Note-se que em nada este percurso de Oumar se distingue doutros casos daquilo que agora em França se designa como incivilidades. Enquanto as incivilidades se multiplicam todos os protagonistas cumprem os procedimentos. Todos agem como deve ser na observância estrita do que está estabelecido. Todos parecem afectados por uma paralisia ditada pela observância dos procedimentos.

Não deixa de ser paradoxal que, ao mesmo tempo que exigimos justiça e condenamos dirigentes da Igreja Católica por não terem feito mais, há várias décadas, para travar as agressões sexuais dentro da Igreja, assistimos agora mesmo a casos como o de Megane (e também da mãe e da irmã de Oumar) como se nada se pudesse fazer para os evitar.
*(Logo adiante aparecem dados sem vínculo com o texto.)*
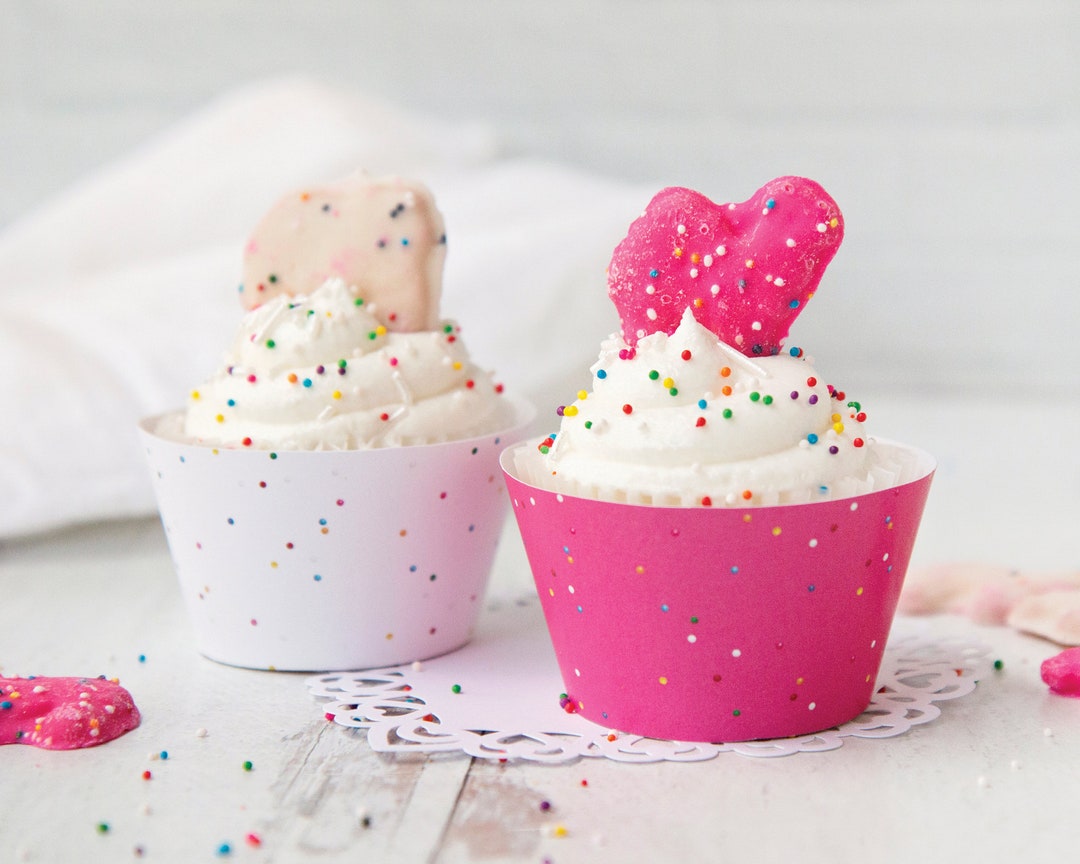 Sprinkles Cupcake Wrappers INSTANT DOWNLOAD Printable Cupcake Wrap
Sim, é bem mais fácil indignarmo-nos com o acontecido nos anos 50 ou 90 do século passado do que olhar para aquilo que está a acontecer agora. E também é bem mais fácil exigirmos responsabilidades a uma instituição como é a Igreja do que a nós mesmos e àqueles que elegemos, como sucede com a justiça e a educação.

Para mais as nossas indignações só são possíveis se elas forem focadas em alvos que não nos causem problemas. Veja-se o caso de Oumar. É filho de um senegalês, logo há que ter em conta que existe o sério risco de se acabar a ser acusado de racismo. A este risco, que não é nada insignificante e que pode destruir a vida ou pelo menos a carreira profissional de alguém (a propósito lembram-se do actor Laurence Fox? E porque será que cada vez o vemos menos como actor?), junta-se o argumentário do estar-se a fazer o jogo da extrema-direita. É cada vez mais vasta a lista dos assuntos e factos que não se podem discutir porque logo surgem os agitadores do espantalho do crescimento da extrema-direita. Como é mais que óbvio a extrema-direita cresce ainda mais ao deixar-se-lhe o monopólio de assuntos que tocam directamente na vida das pessoas.

Assim, à gravidade dos actos praticados por Oumar junta-se essa auto-censura que leva a que sua história e os seus crimes quase não suscitem notícias fora de França. O que implica que façamos de conta que Megane nunca existiu.